In [25]:
from datasets import load_dataset
from transformers import (
    DistilBertTokenizerFast,
    DistilBertForSequenceClassification,
    Trainer,
    TrainingArguments
)
import torch
from sklearn.metrics import accuracy_score, precision_recall_fscore_support


In [26]:
# 1.Load Dataset
dataset = load_dataset("SetFit/enron_spam")

Repo card metadata block was not found. Setting CardData to empty.


In [27]:
# Expand to contextual labels
def map_label(example):
    if example["label"] == 1:
        example["category"] = "Promotional"
    else:
        text = example["text"].lower()
        if "meeting" in text or "project" in text or "deadline" in text:
            example["category"] = "Work-related"
        elif "urgent" in text or "immediately" in text:
            example["category"] = "Urgent"
        else:
            example["category"] = "Informational"
    return example



In [28]:
dataset = dataset.map(map_label)

In [29]:
# Select a smaller subset for speed
train_ds = dataset["train"].shuffle(seed=42).select(range(400))
test_ds = dataset["test"].shuffle(seed=42).select(range(150))

# Encode label categories
unique_labels = list(set(train_ds["category"]))
label2id = {label: i for i, label in enumerate(unique_labels)}
id2label = {i: label for label, i in label2id.items()}

def encode_labels(example):
    example["label"] = label2id[example["category"]]
    return example

train_ds = train_ds.map(encode_labels)
test_ds = test_ds.map(encode_labels)


In [30]:
# 2 Tokenization

tokenizer = DistilBertTokenizerFast.from_pretrained("distilbert-base-uncased")

def tokenize(batch):
    return tokenizer(batch["text"], padding="max_length", truncation=True, max_length=128)

train_enc = train_ds.map(tokenize, batched=True)
test_enc = test_ds.map(tokenize, batched=True)
train_enc.set_format("torch", columns=["input_ids", "attention_mask", "label"])
test_enc.set_format("torch", columns=["input_ids", "attention_mask", "label"])

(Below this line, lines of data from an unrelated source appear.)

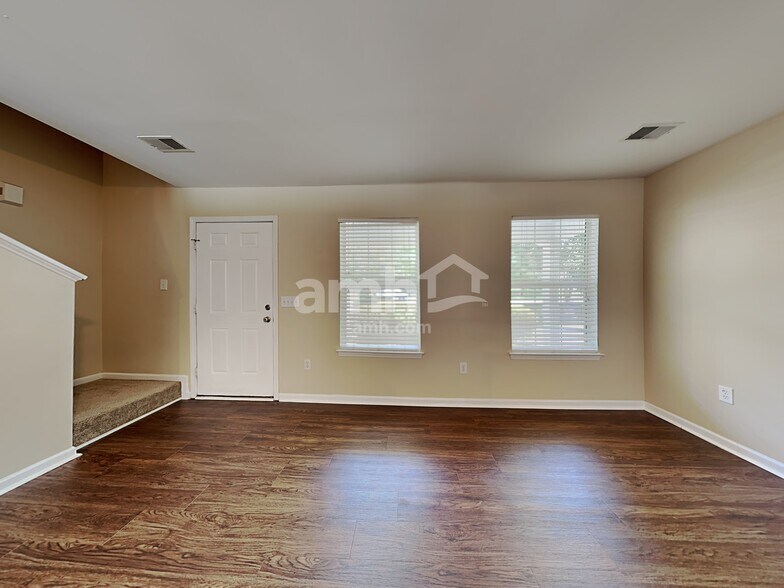 Building Photo - 103 Hawkesbury Rd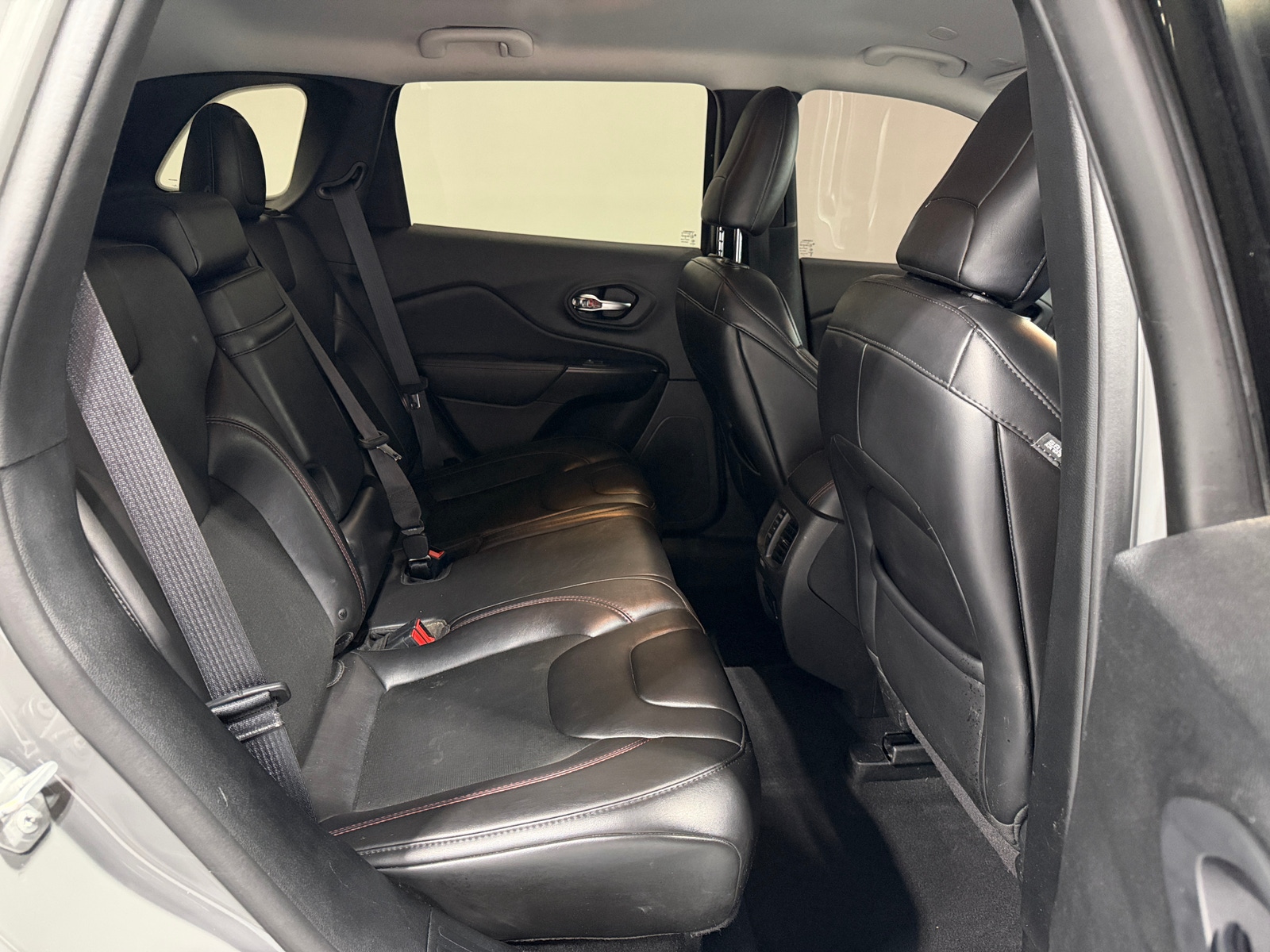 Thumbnail: 2019 Jeep Cherokee - 6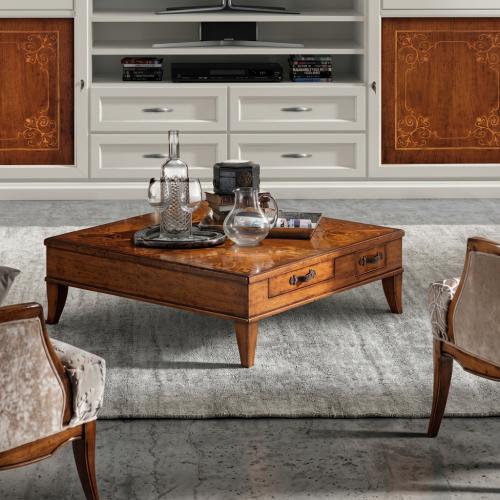 Table basse en bois de luxe avec surface en marqueterie décorative et rangement multi-tiroirs Vue lifestyle par Luxury Group International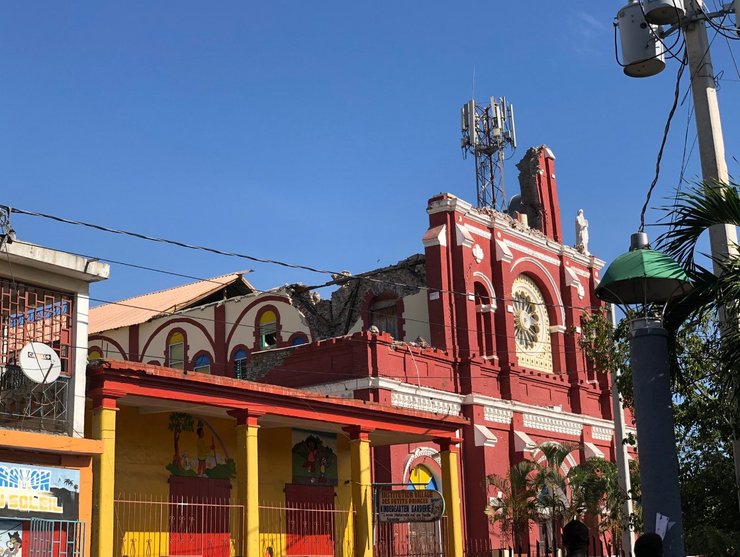 Собор Святого Людовика, шпиль, землетрясение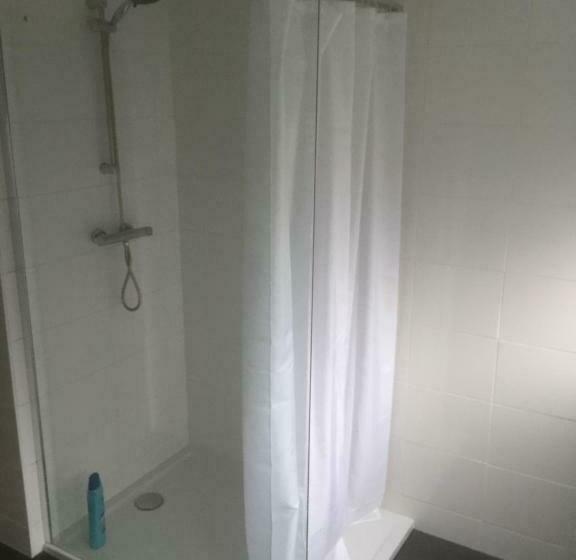 膳宿费 Op Nijverdal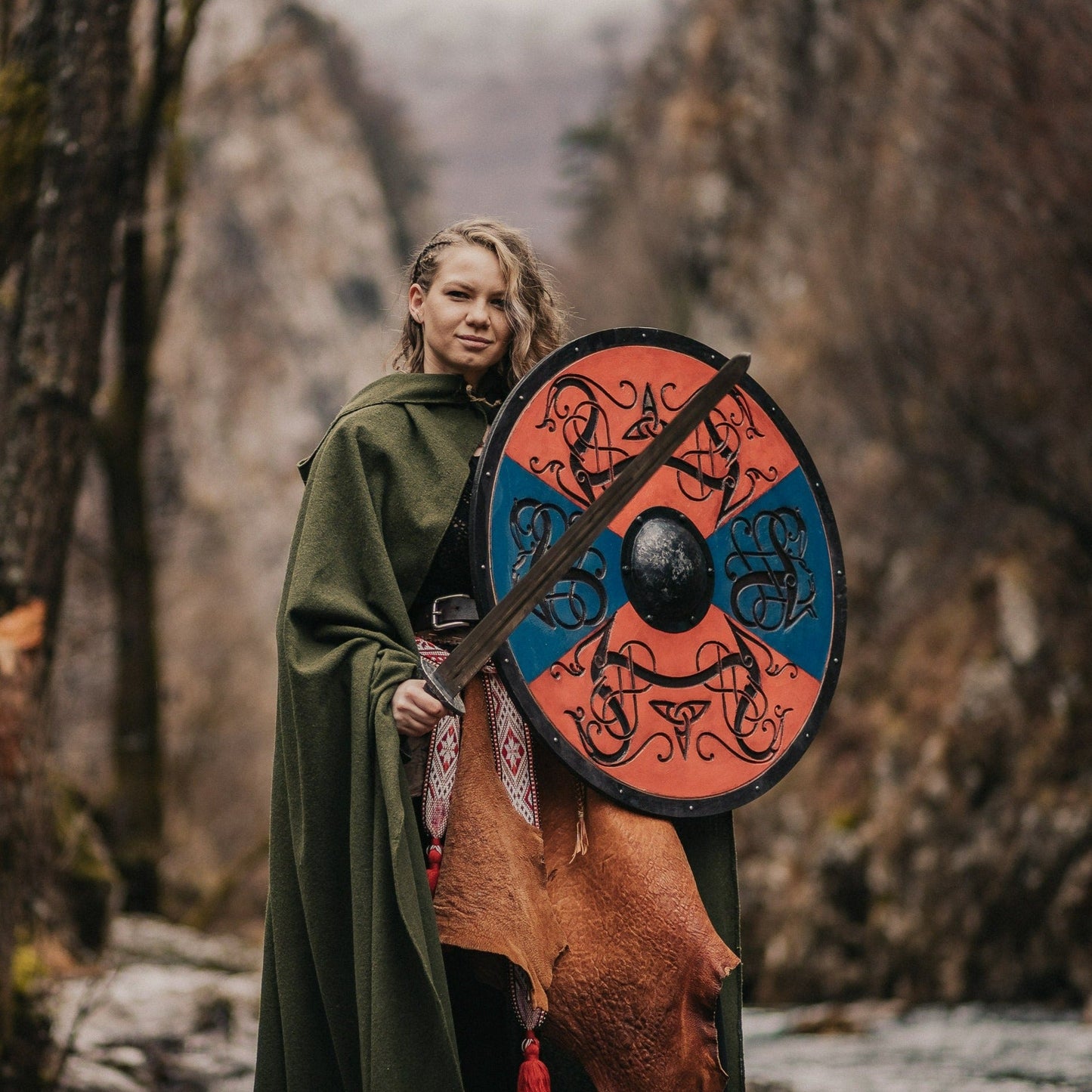 Auténtico escudo vikingo con nudo Drake de Urnes tallado a mano, 24.0 in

Map:   0%|          | 0/150 [00:00<?, ? examples/s]

In [37]:
# 3️ Model Setup

model = DistilBertForSequenceClassification.from_pretrained(
    "distilbert-base-uncased",
    num_labels=len(unique_labels),
    id2label=id2label,
    label2id=label2id
)

Some weights of DistilBertForSequenceClassification were not initialized from the model checkpoint at distilbert-base-uncased and are newly initialized: ['classifier.bias', 'classifier.weight', 'pre_classifier.bias', 'pre_classifier.weight']
You should probably TRAIN this model on a down-stream task to be able to use it for predictions and inference.


In [32]:
# 4️ Training Setup

training_args = TrainingArguments(
    output_dir="./results",
    num_train_epochs=2,
    per_device_train_batch_size=8,
    per_device_eval_batch_size=8,
    logging_dir="./logs"
)

def compute_metrics(pred):
    labels = pred.label_ids
    preds = pred.predictions.argmax(-1)
    precision, recall, f1, _ = precision_recall_fscore_support(
        labels, preds, average="weighted"
    )
    acc = accuracy_score(labels, preds)
    return {"accuracy": acc, "f1": f1, "precision": precision, "recall": recall}

trainer = Trainer(
    model=model,
    args=training_args,
    train_dataset=train_enc,
    eval_dataset=test_enc,
    compute_metrics=compute_metrics
)


In [33]:

# 5 Train Model

trainer.train()




Step,Training Loss


TrainOutput(global_step=100, training_loss=0.6030052947998047, metrics={'train_runtime': 500.52, 'train_samples_per_second': 1.598, 'train_steps_per_second': 0.2, 'total_flos': 26494424678400.0, 'train_loss': 0.6030052947998047, 'epoch': 2.0})

In [34]:
# 6️ Evaluate Model

results = trainer.evaluate()
print("\n📊 Evaluation Results:", results)





📊 Evaluation Results: {'eval_loss': 0.33723804354667664, 'eval_accuracy': 0.8866666666666667, 'eval_f1': 0.8486454910551295, 'eval_precision': 0.816031746031746, 'eval_recall': 0.8866666666666667, 'eval_runtime': 21.0302, 'eval_samples_per_second': 7.133, 'eval_steps_per_second': 0.903, 'epoch': 2.0}


  _warn_prf(average, modifier, f"{metric.capitalize()} is", result.shape[0])


In [36]:
# 8️ Custom Email Prediction

def predict_email_context(text):
    inputs = tokenizer(text, return_tensors="pt", truncation=True, padding=True)
    outputs = model(**inputs)
    pred = torch.argmax(outputs.logits).item()
    return id2label[pred]

sample_email = "We have an urgent client meeting tomorrow. Please prepare the report."
print(f"\n📧 Email: {sample_email}")
print(f"Predicted Context: {predict_email_context(sample_email)}")


📧 Email: We have an urgent client meeting tomorrow. Please prepare the report.
Predicted Context: Informational


In [35]:
# 7️ Save Model

model.save_pretrained("context_email_classifier")
tokenizer.save_pretrained("context_email_classifier")


('context_email_classifier\\tokenizer_config.json',
 'context_email_classifier\\special_tokens_map.json',
 'context_email_classifier\\vocab.txt',
 'context_email_classifier\\added_tokens.json',
 'context_email_classifier\\tokenizer.json')